Mi svegliai già agitata. In teoria l’esame doveva esserci la mattina, ma quando arrivai, non ricordo per quale ragione, me lo spostarono al pomeriggio. Si trattava solo di rimandare per qualche ora, ma per me fu una tragedia. L’ansia iniziò a salire incontrollata. Avevo paura, non so neppure io di cosa, ma ne avevo a pacchi.
Quando mi sedetti davanti al professore, ero uno straccio. Due ore di ansia mi avevano distrutto i nervi. Avevo difficoltà a scrivere perché mi tremava la mano. Mi ricordo il pennino sottile, storto, che graffiava incerto la carta. Iniziai a impappinarmi da subito, mi confusi, le idee mi scappavano dalla testa. Il professore iniziò ad innervosirsi, e più lui si innervosiva più io andavo nel pallone. Speravo solo in una fine rapida e indolore, che sembrava invece non arrivare mai. Prima della fine scoppiai in lacrime.
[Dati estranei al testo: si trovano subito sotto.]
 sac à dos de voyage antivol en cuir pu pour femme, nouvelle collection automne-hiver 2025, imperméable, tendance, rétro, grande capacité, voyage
Il professore mi mise 28, ma attaccò una paternale infinita sul fatto che era incredibile che non avessi studiato, che se solo mi fossi impegnata avrei potuto prendere 30, che non avevo voglia di fare niente. Io inghiottivo amaro i a capo chino, mentre pensavo a quanto avevo studiato – tanto, come sempre – per quel maledetto esame, e quanto nulla di tutta quella fatica fosse trapelato. Dannata ansia. Quando uscii dallo studio giurai che non sarebbe mai più successo, non avrei mai più permesso alle mie maledette paturnie di interferire a tal punto con la mia vita.
Era quasi dieci anni fa.
Adesso, mi separano quattro ore ore circa dalla prima difesa della mia tesi di dottorato. Non posso dire di essere tranquilla. Ma non posso neppure affermare di essere davvero in ansia. E non è perché sono convinta di avere la preparazione perfetta, quella non ce l’ha mai nessuno, o sono certa che andrà tutto bene. È solo che, non lo so, dopo dieci anni ho probabilmente imparato a farci i conti. Non è la prima volta che presento il mio lavoro davanti ad una platea. L’ho fatto per la mia tesi, l’ho fatto nei vari congressi cui ho partecipato. Conosco ormai quel vuoto allo stomaco, quella sensazione di lingua felpata, la paura, che al momento del dunque, quando il pubblico è schierato e le luci sono abbassate, diventa semplicemente energia. Ecco. Ho imparato come fare.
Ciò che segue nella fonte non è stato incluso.